Ele se lembra de acordar para ver a parede mofada e sem janelas do que então era o apartamento de seu irmão. A mobília era mais do que simples, apenas a cama e uma velha cômoda no canto oposto do pequeno ambiente.

Ele sentia o cheiro leve de mofo dominado por algo que ele pensava ser alvejante (Shouto conhecia o cheiro de alvejante mais do que qualquer outro afinal). A única fonte de luz presente no ambiente era a lâmpada velha sobre sua cabeça, parecendo prestes a queimar, que oscilava frequentemente mesmo que oferecesse luz de uma maneira suave. Os cobertores sobre ele estavam longe de serem novos ou mesmo os mais conservados, mas mesmo assim proporcionavam mais conforto para o menino do que os que ele tinha em casa...

Não, se ele se lembrasse corretamente, aquela seria sua casa agora. Se tudo que passava por seus olhos naquele alucinante loop desde que acordara há poucos segundos não fosse sua mente, incrivelmente catatônica, pregando peças em si, então ele poderia realmente se atrever a acreditar que estava livre.

Shouto queria mais do que tudo que chegasse o dia que se esqueceria da sensação dos futons de Endeavor.

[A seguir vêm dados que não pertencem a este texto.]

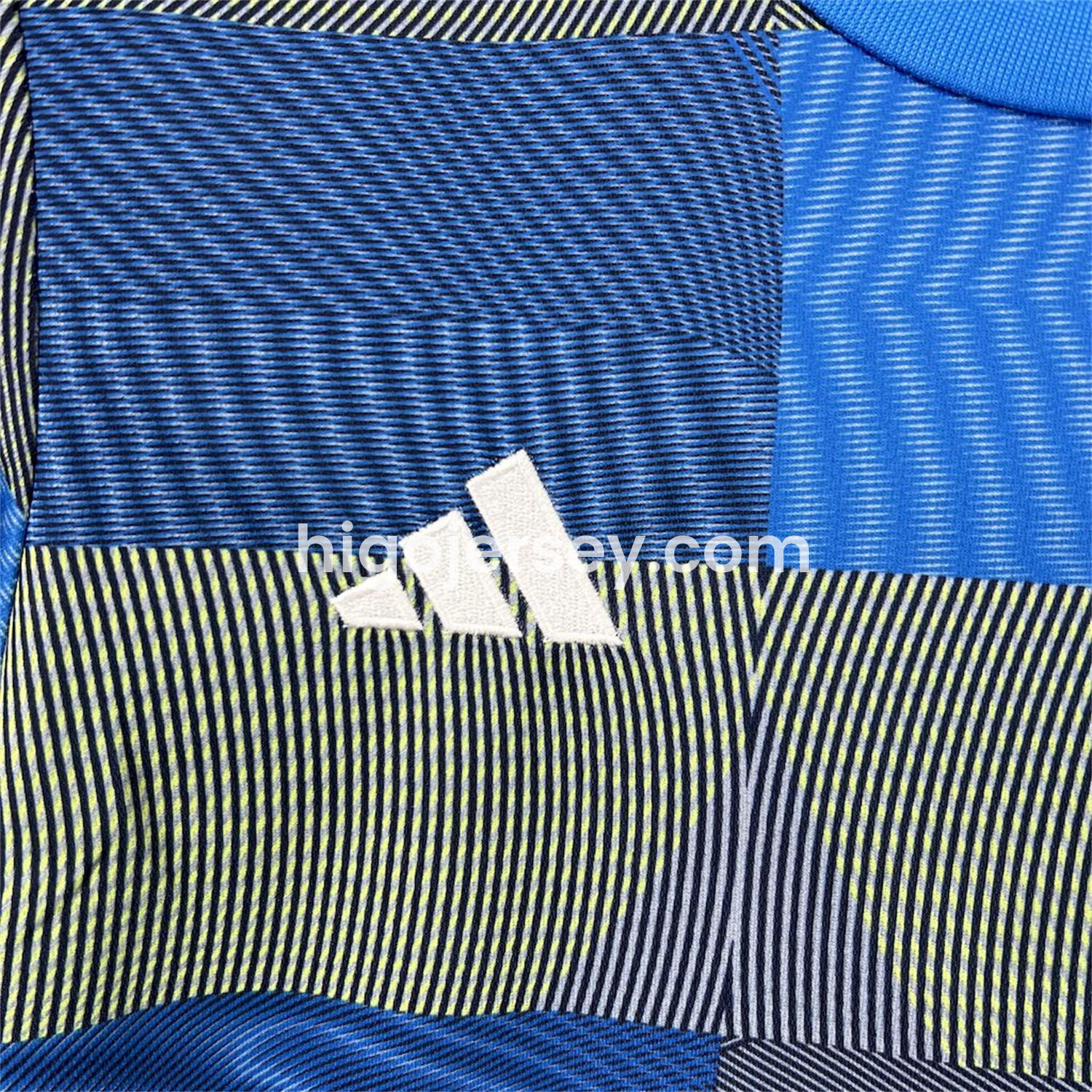 Higojerseys-Real Madrid 25-26 Blue Pre-Match Traning Kids Kit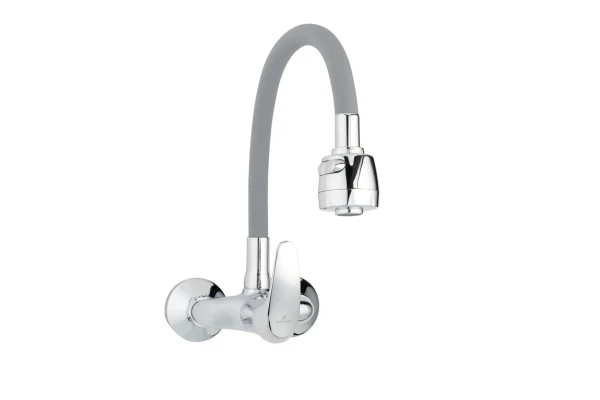 JB Sanitary Nástěnná baterie SLIM, rozteč 100 mm, šedé flexi ramínko A10 33 98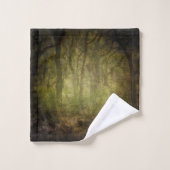 Kunstmatige textuur achtergrond van Oerwoud  Bad Handdoek (Wasdoekje)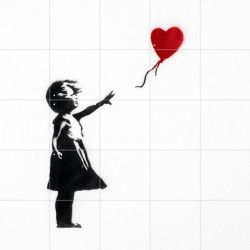 Girl with Balloon BANKSY Poster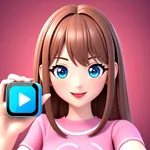 Cartoon Video Camera icon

Foi hesitantemente que ele colocou as pernas para fora do colchão, sentindo o frio que dominava fora do casulo na cama. Ele notou então a camiseta grande demais que vestia e perguntou-se, sem realmente se importar, quando que foi banhado e trocado.

Shouto lembrava-se apenas vagamente de sua chegada ali, as informações a cada segundo mais conexas do que antes. Todo o mais era formado por borrões e imagens imprecisas, sendo completamente dominado pelo esgotamento e exaustão, mas o trajeto não era realmente importante, Shouto pensou. Não havia perspectiva mais confortável do que o ato de ter seu perdido irmão tirando-o do lugar que fora seu inferno compartilhado. Independente de qualquer escassez mais do que óbvia ao apenas olhar o ambiente em que estava, Shouto não poderia negar o conforto de saber que não seria ferido. Ele se sentiu mais seguro então do que em qualquer outra situação se a sensação em sua cabeça fosse qualquer indicativo de quão profundamente ele havia dormido.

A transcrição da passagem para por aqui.